The HK$42 million Cup, one of six races to be simulcast from the Flemington meeting, has attracted 11 northern hemisphere trained runners - including seven trained by either Aidan O'Brien or his son Joseph - plus a further nine competitors who began their racing careers on the other side of the equator but are now with Australian trainers.
The latter group is headed by Constantinople who was formerly trained by Aidan O'Brien but is now with David Hayes, who trains in partnership with his son Ben and nephew Tom Dabernig. The Galileo four-year-old provides Hayes with his final chance to claim a second Melbourne Cup before he returns to Hong Kong next season.
Constantinople, an unlucky and eye-catching fourth in the Caulfield Cup on 19 October, is a three-year-old to northern hemisphere time, as have been the past two Cup winners Cross Counter and Rekindling. Like Cross Counter, Moreira's mount performed well in the G3 Gordon Stakes and G2 Great Voltigeur Stakes immediately before his export to Australia.
"He really reminds me of Americain who won the Cup in 2010," Hayes said of Constantinople, "I didn't train him when he won the Cup but had him later in his career and Constantinople is in the same mould, a big-striding horse who looks a genuine two-miler."
Moreira's best Cup result was his agonising head defeat aboard Heartbreak City, who drew barrier 23 of 24, in the 2016 edition. "I think this horse might even be a better chance than Heartbreak City although he has not raced past 2400 metres," Moreira said of Constantinople who has drawn gate seven.
Japan's Mer De Glace is favourite for the Cup after recording his sixth consecutive win, on debut in Australia, in the Caulfield Cup. He will be ridden by Australian Damian Lane and if successful, Lane would become the first jockey to win the Golden Slipper, Caulfield Cup, Cox Plate and Melbourne Cup in the same year.
British trainers had the first three finishers in the Cup last year and the winner Cross Counter (Charlie Appleby) and third placed Prince Of Arran (Charlie Fellowes) return in 2019, as do the fourth, fifth and sixth placed horses - Finche, Rostropovich and Youngstar.

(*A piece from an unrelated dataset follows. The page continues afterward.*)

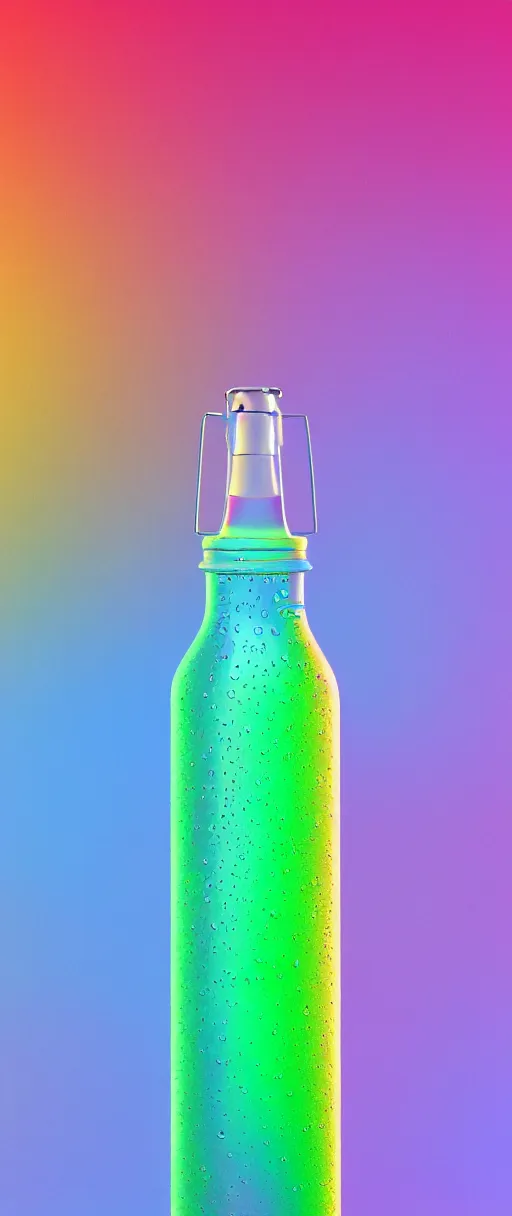 Prompt: a pearlescent soda bottle with condensation on the outside, vivid, rainbow, pearlescent, hyper realistic, octane render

Joseph O'Brien, with Rekindling, denied his father Aidan - with Johannes Vermeer - in an Irish-trained 1-2-3 in 2017. O'Brien senior's most favoured runner this year appears to be Il Paradiso who is the one other northern hemisphere three-year-old aside from Constantinople. Joseph's strong hand is led by Downdraft who won the Lexus Hotham Stakes on Saturday.
Since Vintage Crop's historic win in 1993 when raiding from Ireland, the internationals not only boast a further seven wins in the race but have also had a further fifteen runners-up, several of whom were either unluckily or narrowly beaten.
Five of the eight international winners had had a lead-up run in Australia en route to the Cup but, last year, Cross Counter joined Rekindling and Vintage Crop as a winner on Australian debut.
Cross Counter faces a huge weight rise on last year and is the sole international for Godolphin which has had 33 runners in the Cup for one win, as well as three seconds thanks to Central Park (1999), Give The Slip (2001) and Crime Scene (2009), plus two thirds with Beekeeper (2002) and Hartnell (2016).
Surprise Baby and Vow And Declare are the strongest-fancied of the four Australasian bred and trained runners, ahead of Youngstar and The Chosen One.